Der Verkauf von Telekom, Post oder Bahn soll das Ziel eines ausgeglichenen Bundesbudgets früher als 2016 erreichen helfen. Verkauft wurde heuer die Immobiliengesellschaft TLG.

Philipp Rösler
Philipp Rösler
Philipp Rösler – (c) Dpa Wolfgang Kumm (Wolfgang Kumm)

Bonn/Berlin/Reuters. Wirtschaftsminister Philipp Rösler (FDP) drückt bei der Privatisierung von Bundesbeteiligungen aufs Tempo. „Der Staat muss sich aus Wirtschaftsunternehmen und Finanzinstituten zurückziehen“, zitiert „Die Welt“ aus einem Positionspapier des Ministers. Die im Koalitionsvertrag vorgesehene Expertenkommission müsse schnellstmöglich einberufen werden, um konkrete Vorschläge zu unterbreiten. Der Verkauf von Bundesbeteiligungen könne helfen, den für 2016 vorgesehenen Ausgleich des Haushalts früher zu erreichen.

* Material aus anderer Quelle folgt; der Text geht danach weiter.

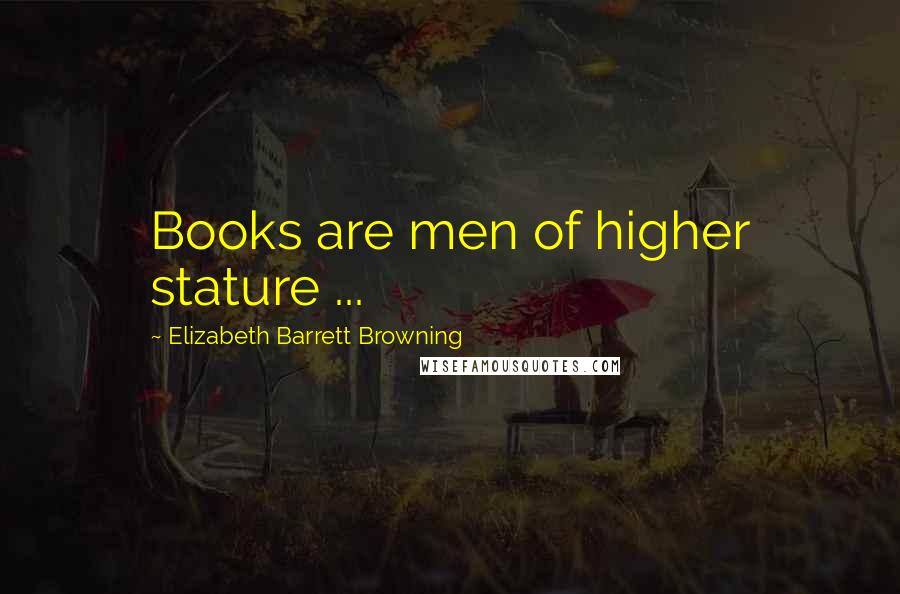 Elizabeth Barrett Browning Quotes: Books are men of higher stature ...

Eine Sprecherin des Ministeriums bestätigte die Existenz des Papiers – ohne allerdings Einzelheiten zu nennen. Die Frage, welche konkreten Folgen das Papier jetzt habe und ob der Minister beabsichtigte, die Pläne in den Koalitionsausschuss von CDU und FDP zu tragen, konnte die Sprecherin nicht beantworten.

 

Bahn, Flughäfen, Festspiele

Deutsche Telekom und Deutsche Bahn sind die prominentesten Namen auf der Privatisierungsliste. Im Beteiligungsbericht des Finanzministeriums, der Mitte Dezember vom Kabinett beschlossen worden ist, werden diese beiden Konzerne mit einer Reihe weiterer genannt, bei denen man den Staatsanteil verringern, abgeben oder dies prüfen will. In Summe ist der Bund an rund 500 Unternehmen beteiligt, an 100 direkt. Auf der bunten Liste stehen auch der Duisburger Hafen, die Flughäfen Berlin Brandenburg, Köln/Bonn und München, das Gästehaus Petersberg bei Bonn und die Bayreuther Festspiele. Das Gästehaus soll zunächst nicht verkauft werden.

An der Telekom hält der Staat direkt und indirekt (über die Förderbank KfW) 32 Prozent, an der Post 25,5 Prozent. Die Bahn gehört zu 100 Prozent dem Bund. Der erste Privatisierungsversuch ist 2008 wegen der Finanzkrise verschoben und Anfang 2011 ganz abgesagt worden. Der Verkauf gilt als äußerst sensibel.

Verkauft wurde heuer die Immobiliengesellschaft TLG. Der Gewerbeteil ging um 1,1 Mrd. Euro an den Finanzinvestor Lone Star, die 11.000 Wohnungen um eine halbe Mrd. Euro an den Hamburger Immobilienkonzern TAG.